> YOUR GOAL
Exact repetition of every record is required.

> INFORMATION GIVEN
***

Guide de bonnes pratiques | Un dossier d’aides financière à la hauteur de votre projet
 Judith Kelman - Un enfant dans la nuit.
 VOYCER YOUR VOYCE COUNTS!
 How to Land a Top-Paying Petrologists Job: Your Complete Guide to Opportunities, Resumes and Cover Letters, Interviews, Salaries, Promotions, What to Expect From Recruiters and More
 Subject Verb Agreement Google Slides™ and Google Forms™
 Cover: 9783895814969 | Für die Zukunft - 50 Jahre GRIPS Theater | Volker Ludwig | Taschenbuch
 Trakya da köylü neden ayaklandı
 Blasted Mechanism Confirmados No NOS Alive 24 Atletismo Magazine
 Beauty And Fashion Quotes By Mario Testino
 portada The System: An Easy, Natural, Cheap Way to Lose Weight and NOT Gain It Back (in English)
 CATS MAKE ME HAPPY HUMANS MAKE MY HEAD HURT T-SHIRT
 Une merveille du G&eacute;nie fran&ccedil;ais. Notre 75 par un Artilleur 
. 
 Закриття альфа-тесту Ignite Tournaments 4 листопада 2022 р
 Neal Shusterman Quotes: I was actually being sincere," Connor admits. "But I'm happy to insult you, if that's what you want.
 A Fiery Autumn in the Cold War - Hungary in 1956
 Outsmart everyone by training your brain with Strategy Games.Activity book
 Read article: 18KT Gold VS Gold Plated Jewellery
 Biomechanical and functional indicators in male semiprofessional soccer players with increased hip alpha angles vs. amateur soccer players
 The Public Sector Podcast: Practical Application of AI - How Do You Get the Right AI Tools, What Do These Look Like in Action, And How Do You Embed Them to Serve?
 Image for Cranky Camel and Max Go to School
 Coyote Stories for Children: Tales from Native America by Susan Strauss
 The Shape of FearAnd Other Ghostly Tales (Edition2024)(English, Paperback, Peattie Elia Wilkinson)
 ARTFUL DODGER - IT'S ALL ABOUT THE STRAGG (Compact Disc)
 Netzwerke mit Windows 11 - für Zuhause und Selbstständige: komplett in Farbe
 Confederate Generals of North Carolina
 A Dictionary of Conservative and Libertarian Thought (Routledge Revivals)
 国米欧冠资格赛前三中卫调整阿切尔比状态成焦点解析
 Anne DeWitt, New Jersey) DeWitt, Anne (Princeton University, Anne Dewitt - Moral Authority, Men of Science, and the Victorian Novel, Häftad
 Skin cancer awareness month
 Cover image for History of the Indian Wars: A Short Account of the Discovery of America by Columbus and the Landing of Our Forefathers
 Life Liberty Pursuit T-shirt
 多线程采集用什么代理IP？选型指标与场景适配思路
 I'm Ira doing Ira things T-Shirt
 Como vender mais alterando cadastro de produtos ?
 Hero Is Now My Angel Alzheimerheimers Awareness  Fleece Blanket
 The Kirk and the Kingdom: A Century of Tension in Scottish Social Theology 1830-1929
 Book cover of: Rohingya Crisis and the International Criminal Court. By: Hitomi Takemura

***

> TASK OUTPUT
Guide de bonnes pratiques | Un dossier d’aides financière à la hauteur de votre projet
 Judith Kelman - Un enfant dans la nuit.
 VOYCER YOUR VOYCE COUNTS!
 How to Land a Top-Paying Petrologists Job: Your Complete Guide to Opportunities, Resumes and Cover Letters, Interviews, Salaries, Promotions, What to Expect From Recruiters and More
 Subject Verb Agreement Google Slides™ and Google Forms™
 Cover: 9783895814969 | Für die Zukunft - 50 Jahre GRIPS Theater | Volker Ludwig | Taschenbuch
 Trakya da köylü neden ayaklandı
 Blasted Mechanism Confirmados No NOS Alive 24 Atletismo Magazine
 Beauty And Fashion Quotes By Mario Testino
 portada The System: An Easy, Natural, Cheap Way to Lose Weight and NOT Gain It Back (in English)
 CATS MAKE ME HAPPY HUMANS MAKE MY HEAD HURT T-SHIRT
 Une merveille du G&eacute;nie fran&ccedil;ais. Notre 75 par un Artilleur 
. 
 Закриття альфа-тесту Ignite Tournaments 4 листопада 2022 р
 Neal Shusterman Quotes: I was actually being sincere," Connor admits. "But I'm happy to insult you, if that's what you want.
 A Fiery Autumn in the Cold War - Hungary in 1956
 Outsmart everyone by training your brain with Strategy Games.Activity book
 Read article: 18KT Gold VS Gold Plated Jewellery
 Biomechanical and functional indicators in male semiprofessional soccer players with increased hip alpha angles vs. amateur soccer players
 The Public Sector Podcast: Practical Application of AI - How Do You Get the Right AI Tools, What Do These Look Like in Action, And How Do You Embed Them to Serve?
 Image for Cranky Camel and Max Go to School
 Coyote Stories for Children: Tales from Native America by Susan Strauss
 The Shape of FearAnd Other Ghostly Tales (Edition2024)(English, Paperback, Peattie Elia Wilkinson)
 ARTFUL DODGER - IT'S ALL ABOUT THE STRAGG (Compact Disc)
 Netzwerke mit Windows 11 - für Zuhause und Selbstständige: komplett in Farbe
 Confederate Generals of North Carolina
 A Dictionary of Conservative and Libertarian Thought (Routledge Revivals)
 国米欧冠资格赛前三中卫调整阿切尔比状态成焦点解析
 Anne DeWitt, New Jersey) DeWitt, Anne (Princeton University, Anne Dewitt - Moral Authority, Men of Science, and the Victorian Novel, Häftad
 Skin cancer awareness month
 Cover image for History of the Indian Wars: A Short Account of the Discovery of America by Columbus and the Landing of Our Forefathers
 Life Liberty Pursuit T-shirt
 多线程采集用什么代理IP？选型指标与场景适配思路
 I'm Ira doing Ira things T-Shirt
 Como vender mais alterando cadastro de produtos ?
 Hero Is Now My Angel Alzheimerheimers Awareness  Fleece Blanket
 The Kirk and the Kingdom: A Century of Tension in Scottish Social Theology 1830-1929
 Book cover of: Rohingya Crisis and the International Criminal Court. By: Hitomi Takemura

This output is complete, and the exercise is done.